What this task involves:
Type the listing below out again exactly. No images.

(Collected material begins)

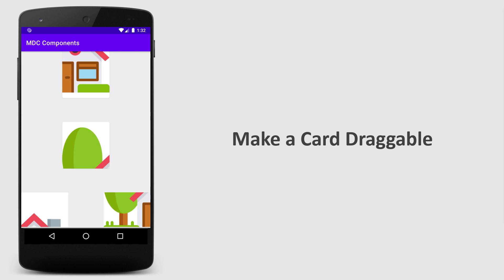What's up guys! In this video, I will show you how you can create draggable card views.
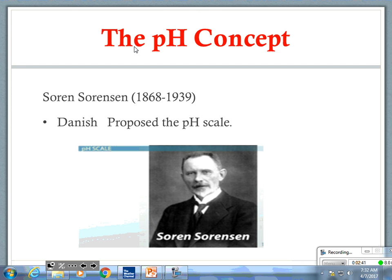Yesterday we discussed the acid dissociation constant and worked an example of that. We will work more examples of the acid dissociation constant next week, probably on Monday, and we'll probably have an entrance slip somewhere along the lines. We also talked about acid-base indicators when we did properties, and I think I scheduled that lab for next week. Now, the pH concept.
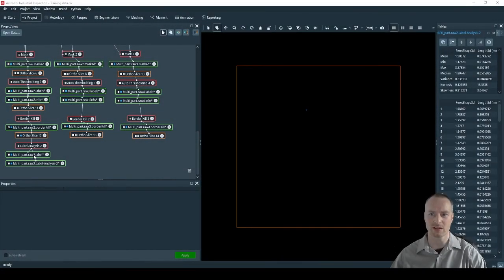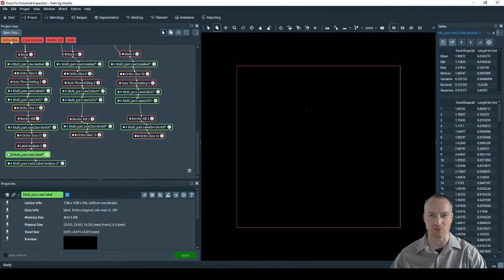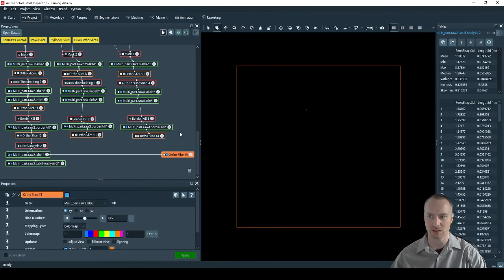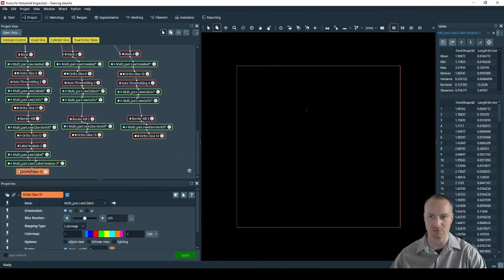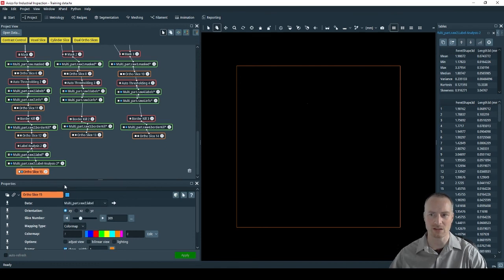Once the pore analysis is complete it will give out a label field. In the label field each pore is given a different color. This can be seen using an author slice. We can now repeat this for components two and three.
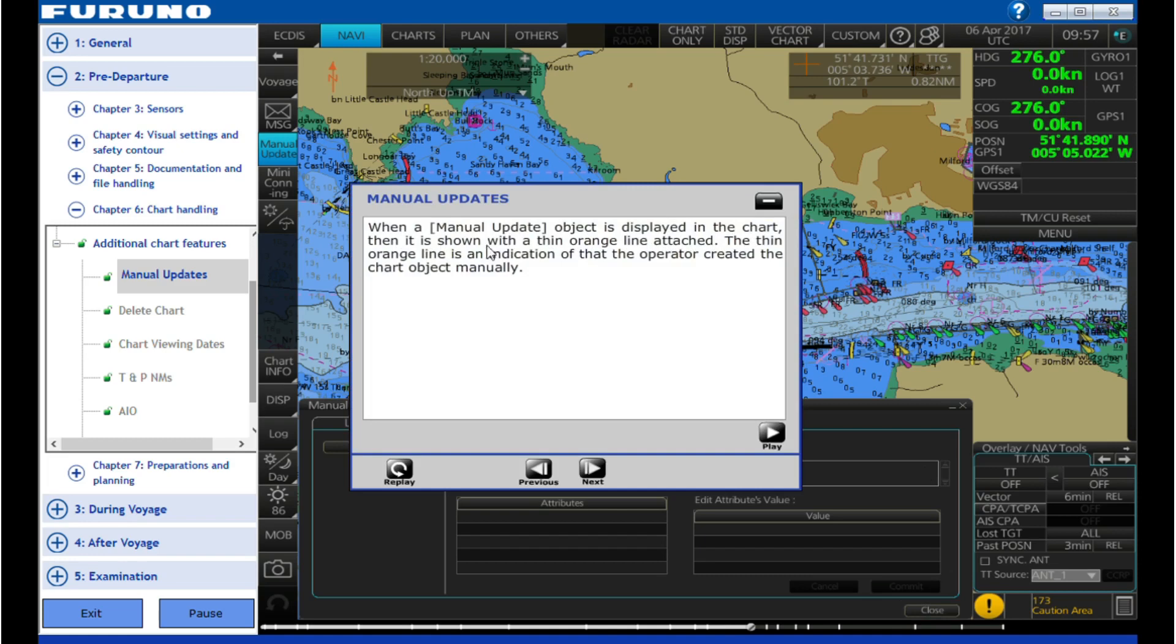When a manual update object is displayed in the chart, then it is shown with a thin orange line attached. The thin orange line is an indication that the operator created the chart object manually.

(Collected material ends)

Response to the task:
What's up guys! In this video, I will show you how you can create draggable card views.
Yesterday we discussed the acid dissociation constant and worked an example of that. We will work more examples of the acid dissociation constant next week, probably on Monday, and we'll probably have an entrance slip somewhere along the lines. We also talked about acid-base indicators when we did properties, and I think I scheduled that lab for next week. Now, the pH concept.
Once the pore analysis is complete it will give out a label field. In the label field each pore is given a different color. This can be seen using an author slice. We can now repeat this for components two and three.
When a manual update object is displayed in the chart, then it is shown with a thin orange line attached. The thin orange line is an indication that the operator created the chart object manually.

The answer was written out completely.